= Phil Lavelle =

English news presenter (born 1981)

Phil Lavelle (born 1981 in Liverpool, UK) is an English news presenter and reporter who currently serves as a US Correspondent for the international Al Jazeera English TV network.

==Career==
Lavelle started his career as a trainee journalist with Granada Television, before joining ITV Tyne Tees. He moved to national British broadcaster ITN during the second Gulf War, working as a newsdesk assistant before joining the national Channel 5 network as its youngest ever anchor.

From 2006, he worked as Assistant Programme Editor for two years, as part of the launch-team for the Al Jazeera English news service bureau in London.

Lavelle moved to the BBC to work as a morning TV news Anchor for BBC London News before being poached by the network news to be a Correspondent for BBC Breakfast.
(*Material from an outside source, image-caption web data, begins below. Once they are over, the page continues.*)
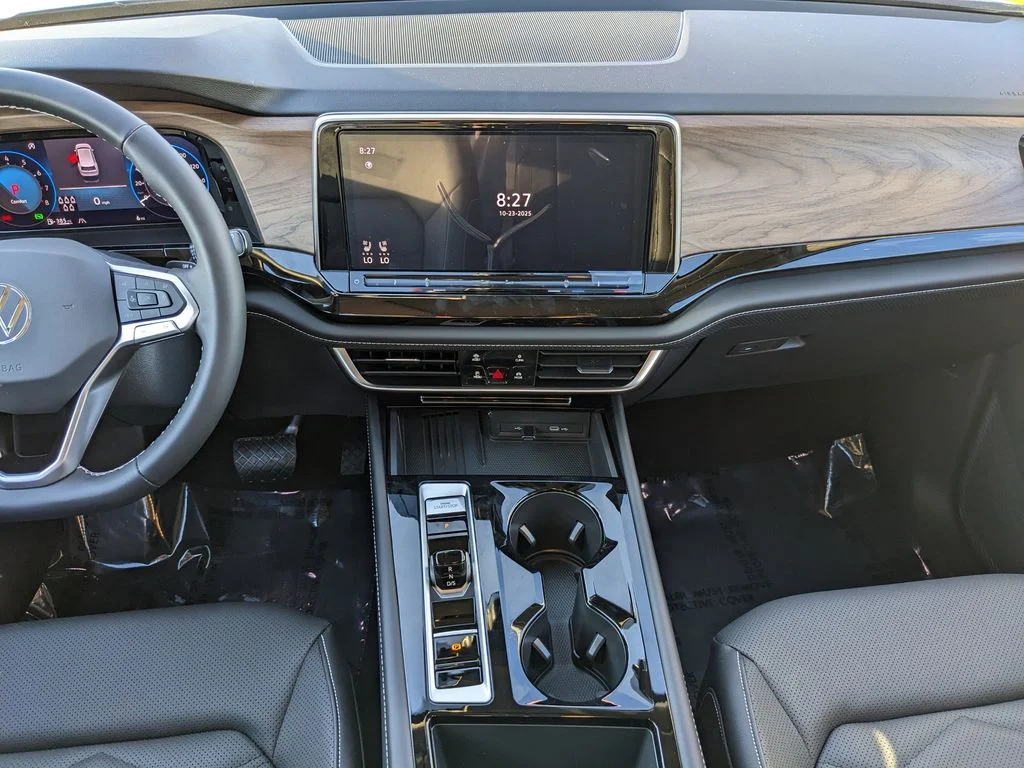 New 2026 Silver Volkswagen 2.0T SE w/Technology image 15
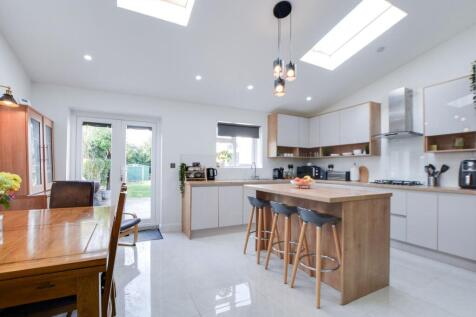 Open Plan Fitted Dining Kitchen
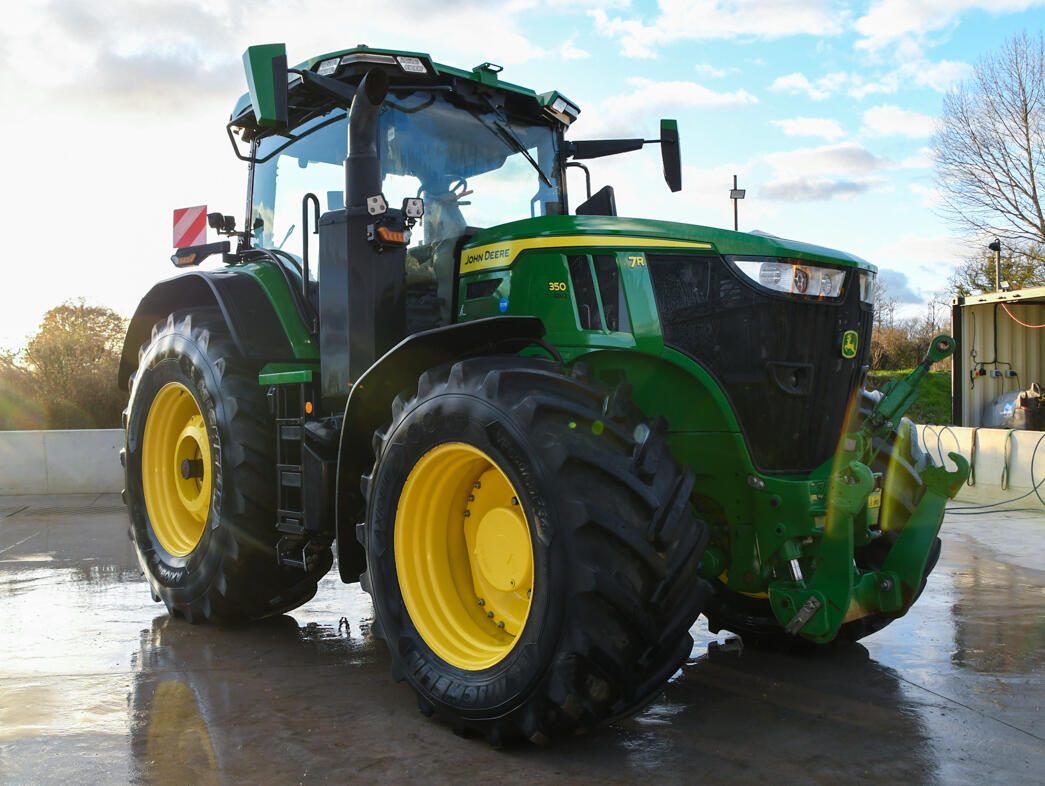 John Deere 7R350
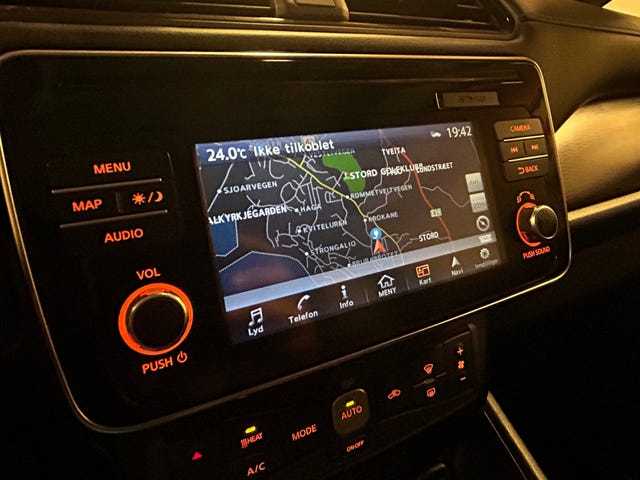 2018 NISSAN LEAF - 9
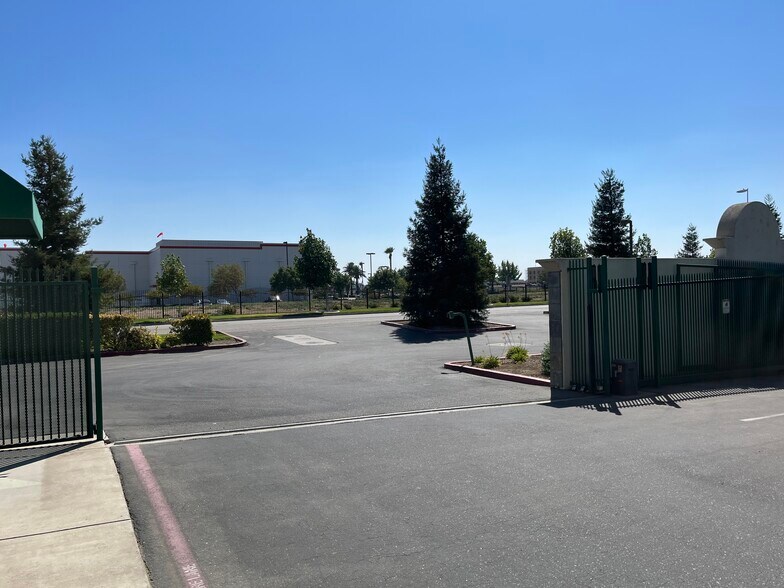 More Photos Of 141-201 D'Arcy Pky, Lathrop Warehouse For Sale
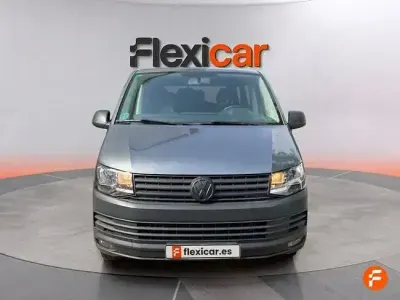 Usado VW Caravelle 150 CV (110 kW) 2020 Gris Van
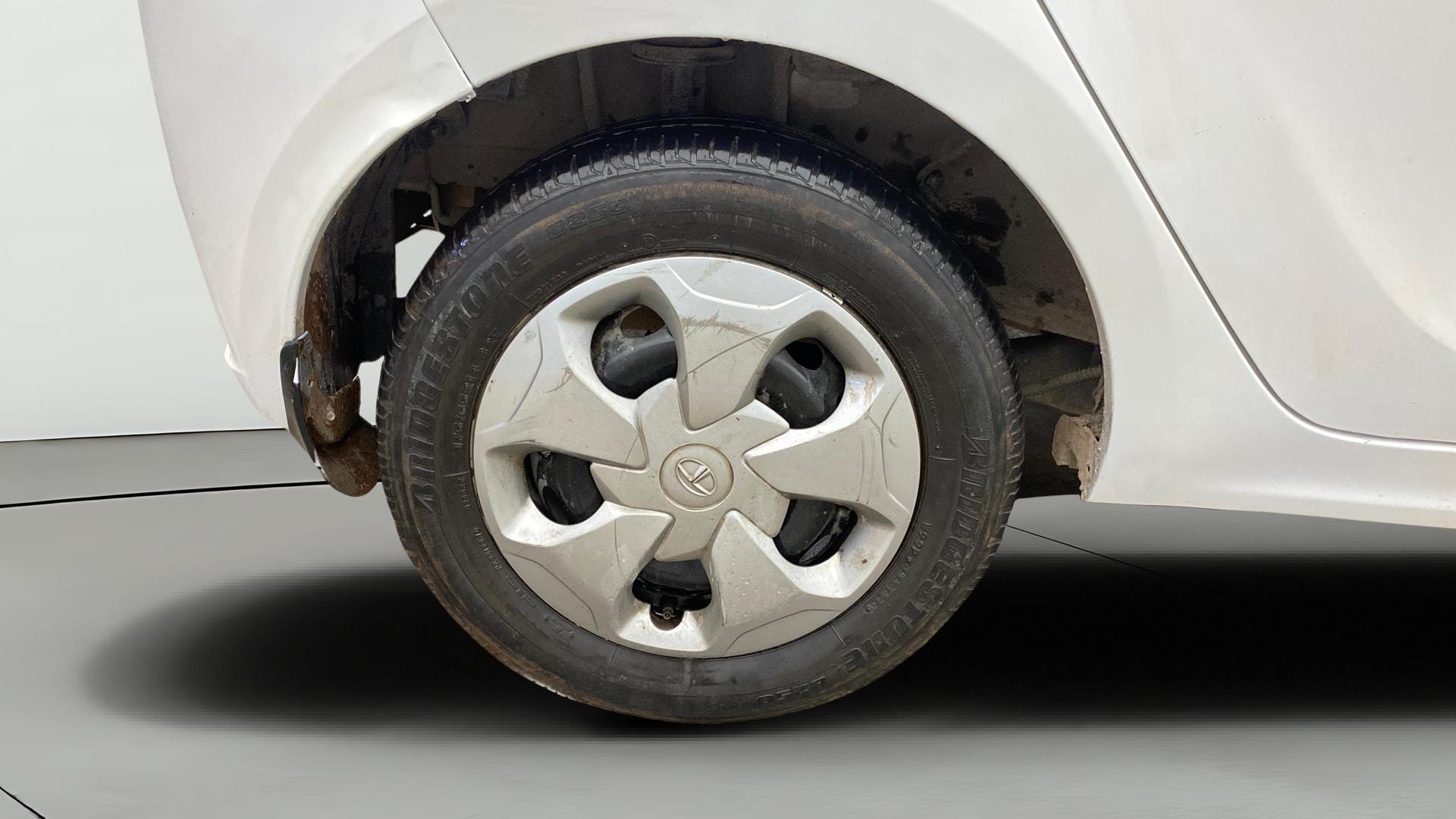 View 2020 Tata Tiago Revotorq XB Image 23 Used 2020 Tata Tiago Revotorq XB Image 23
He also served a stint as a global Anchor for Sky News and briefly returned as a news correspondent and weekend presenter for Five News.

In 2012, he returned to Al Jazeera as a Europe-based Correspondent covering stories across the continent, including the United Kingdom, France, the Netherlands, Poland, Italy, Cyprus, and Israel & Palestine. In the autumn of 2014, he was featured in the strand 'Al Jazeera Correspondent', with his self-produced documentary, 'My Digital Addiction'.

Lavelle later moved to the United States where he became an LA Correspondent before relocating to Miami where he has extensively covered the US election, 2024 student protests, natural disasters and more for Al Jazeera.

==Personal life==
Lavelle is married, with two children, and is a keen fitness fan and gym goer.